Bürokratlar, 10 yıl zamanaşımından yararlanıp yırtıyorlar. Zarar devlete kalıyor.

- Ben personelime maaş ödemeyemez hale gelmiştim o zaman. Devletin demirbaşlarına el konuldu, EM Export'cular gelip müdürün masasını, koltuğunu alıp gittiler. Yönetim Kurulu üyelerine ne yaptılar bilmiyorum. Acı bir şeydir. Bu sistemde hantal bir yapı var. Kriz patlayınca herkes özelleştirmeci oldu. Bu olay kafamızı duvara nasıl vurduğumuzun göstergesidir. Buradaki madenler devletin başına beladır; hemen özelleştirilip devredilmelidir. Birlikte çalıştırılırsa kárlı olur.

Sorumlular kimdir?

- Siyasi açıdan hesap sorulması lazım.

Yargıtay aşamasındaki iki dava ile devlet 350 trilyon lira zarara uğratılmış; iddiaya göre de faizleriyle bu 20 katrilyon olacakmış bu tazminat.

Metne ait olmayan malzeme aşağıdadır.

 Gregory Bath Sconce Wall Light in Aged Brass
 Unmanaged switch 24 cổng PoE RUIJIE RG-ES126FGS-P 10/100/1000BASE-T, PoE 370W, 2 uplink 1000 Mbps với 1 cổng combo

Beyler, bu da mı yapanın yanına kár kalacak.

DMS geçersiz mi oluyor?

KAYSERİ'den üniversite öğrencisi Canan Şahin, Devlet Memur Seçme Sınavı ile ilgili olarak ‘‘Kime inanacağız?’’ diye soruyor:

‘‘Sayın Bahçeli yaptığı açıklamada 2001 sonuna kadar herkes yerleştirilecek, diyor. Sayın Derviş'in açıklaması ile 'memur alımı yok' şeklinde. 700 bin kişi emeklilik yolunda ve sadece bu yıl emekliliği gelen 250 bin kişi var. Devlet Personel Teşkilatı'nın eylülde bir sınav daha yapacağını biliyorum. Şimdi DMS'yi kazanan 350 bin kişi vardı. Bunların yaklaşık 60 bini yerleştirildi. Gerideki 290 bin kişi yerleştirilmeden bir daha sınav nasıl açılıyor? Hani iki yıl içinde herkesin yerleştirileceği sözü?’’

Sevgili Şahin, politikacılar oy hesabı yaptılar, Derviş de ekonomi hesabı yapıyor.

Haberin Devamı

Hava-İş'in 'pas'bilet açıklaması

HAVA-İş Sendikası Yönetim Kurulu, ‘‘THY'nın beleşçi yolcuları' (12.4.2001) yazısına bir açıklama göndererek, sendikanın bu konuda hiçbir ilgisi olmadığını belirtti. Açıklama şöyle:

‘‘THY çalışanlarına verilen pas biletler, toplu sözleşmeyle aldığı bir kazanım değildir. Çalışanlar bu biletleri şirketin yönetmelikleriyle alırlar. Dünyanın tüm havayollarında çalışanlar için bu hak vardır. THY, gerek ticari gerekse tasarruf anlamında bu haklara en fazla ambargo koyan bir havayolu şirketidir. Sendikanın, THY'nin 'beleşçi' yolcuları ile hiçbir ilgisi bulunmadığı gibi bu tür olaylara kesin tavrı olduğu da, bilinmelidir.